暗号の用途

「暗号」と言うと、どのようなものを思い浮かべますか?

多くは次の二つのどちらかではないでしょうか。

一つは、戦時中に使われた 「ニイタカヤマノボレ1208」(※1)のように、文に言葉の意味とは異なる秘密の意味を持たせておくことで、目的の相手だけに秘密のメッセージを伝える「隠語文」と呼ばれるもの。そしてもう一つは、赤穂浪士が使ったと言われる、「山」と問い掛けられたら、事前に取り決めておいた「川」という対になる言葉を返すことで、相手が誰かを確認する「合言葉」と呼ばれるものです。

一般には、当事者間でメッセージを秘密裏に伝える隠語文のような用途が思い浮かびがちですが、暗号には情報の 秘匿化 という用途の他にも、「合言葉」のように相手の身元を確認する 認証 という用途もあるのです(※2)

※1 ニイタカヤマノボレ1208

この文は、当時の日本海軍において「12月8日午後零時以降、戦闘状態に入る。各部隊は予定のごとく行動せよ」という秘密の意味を持っていました。

※2 合言葉

合言葉は、広い意味では認証用途の暗号ですが、学術的には暗号と呼べる程の機能を持っていません。合言葉は秘密情報を認証相手に漏らしてしまうためです。例えば「山」と問い掛けられて「川」と答える際、「川」という正解を相手に伝えてしまいます。仮に「山」と問い掛けてきたのが仲間でなかったら、「山」に対する正しい回答が「川」だと知られてしまいます。

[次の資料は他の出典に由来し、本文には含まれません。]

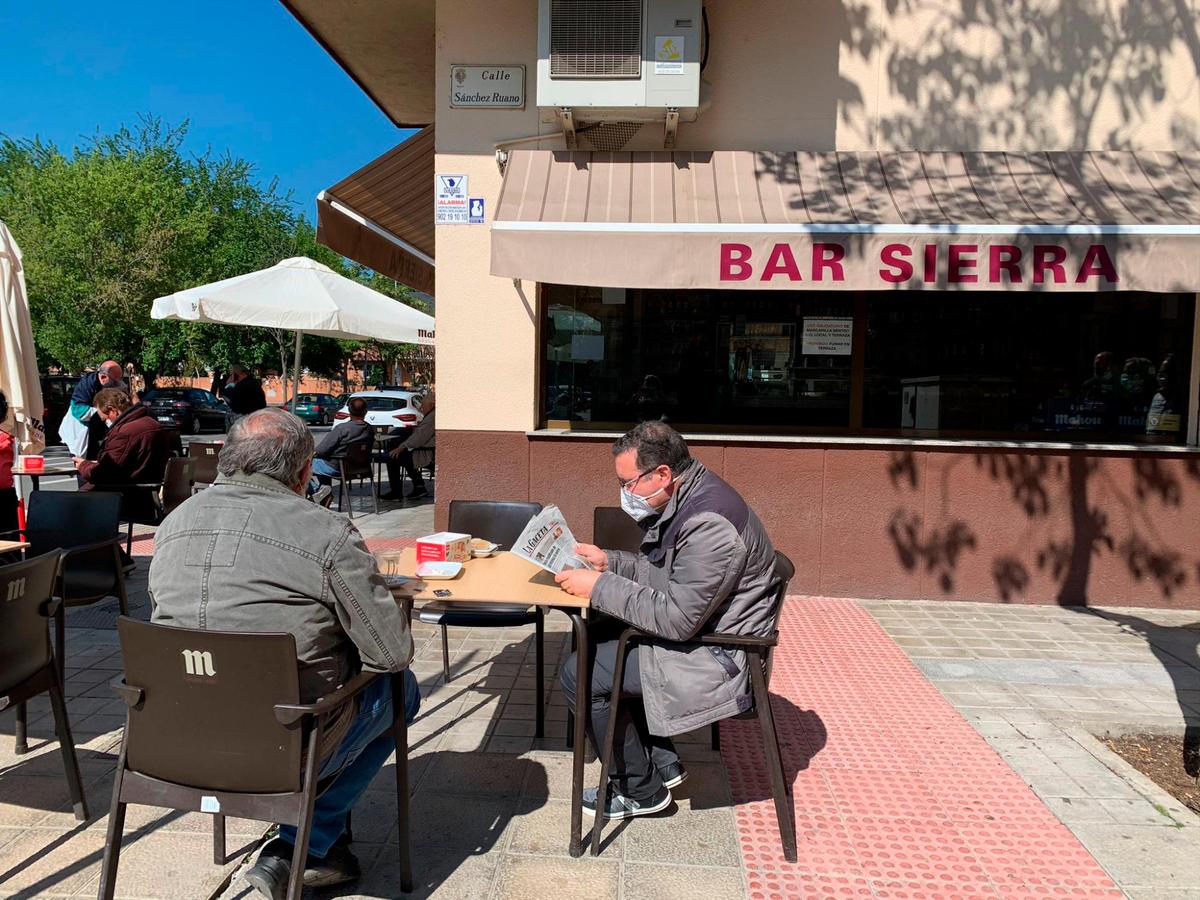 Varios clientes toman algo en una terraza mientras leen el periódico.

認証用途の現代暗号は、例えば「ゼロ知識対話証明」という数学のマジックを用いて、相手に秘密を漏らさず自分の身元を相手に証明することができます。簡単に言えば、銀行の ATM を利用する際に、暗証番号を直接入力しないままく「私は暗証番号を知っている」という事実だけを ATM に納得させられるのです。魔法みたいでしょう?